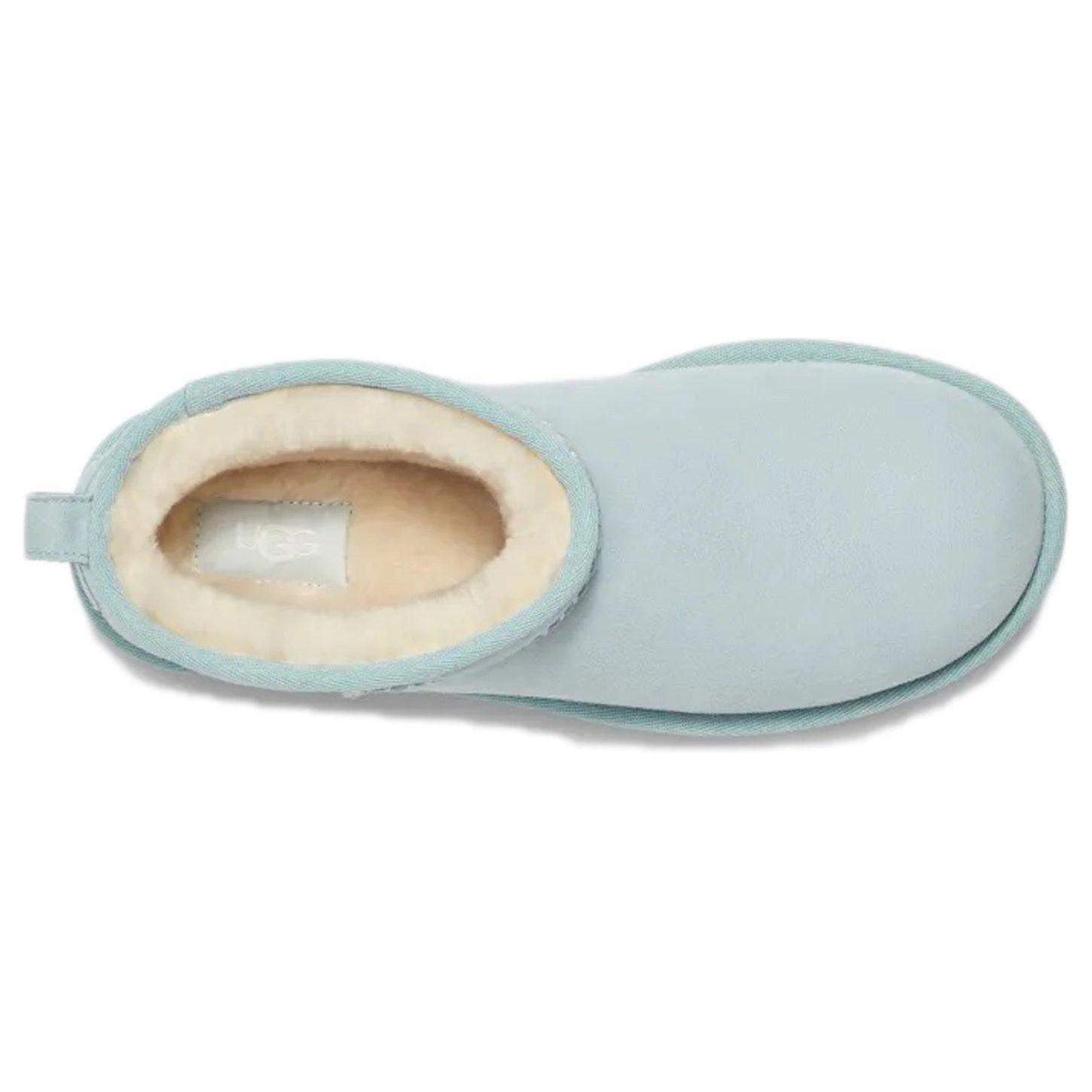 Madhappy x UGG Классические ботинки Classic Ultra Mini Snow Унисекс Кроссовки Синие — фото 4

--

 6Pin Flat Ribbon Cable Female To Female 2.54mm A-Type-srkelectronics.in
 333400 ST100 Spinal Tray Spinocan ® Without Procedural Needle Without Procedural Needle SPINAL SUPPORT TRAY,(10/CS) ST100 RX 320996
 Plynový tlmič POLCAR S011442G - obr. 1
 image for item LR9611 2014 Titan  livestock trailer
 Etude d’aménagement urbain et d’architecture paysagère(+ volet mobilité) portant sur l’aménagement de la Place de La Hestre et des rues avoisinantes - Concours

**Assignment**.
Above are the records. Copy the lines beginning at the one that has "333400 ST100 Spinal" and ending with the one that has "Etude d’aménagement urbain", unchanged.

**Reply to the exercise**.
 333400 ST100 Spinal Tray Spinocan ® Without Procedural Needle Without Procedural Needle SPINAL SUPPORT TRAY,(10/CS) ST100 RX 320996
 Plynový tlmič POLCAR S011442G - obr. 1
 image for item LR9611 2014 Titan  livestock trailer
 Etude d’aménagement urbain et d’architecture paysagère(+ volet mobilité) portant sur l’aménagement de la Place de La Hestre et des rues avoisinantes - Concours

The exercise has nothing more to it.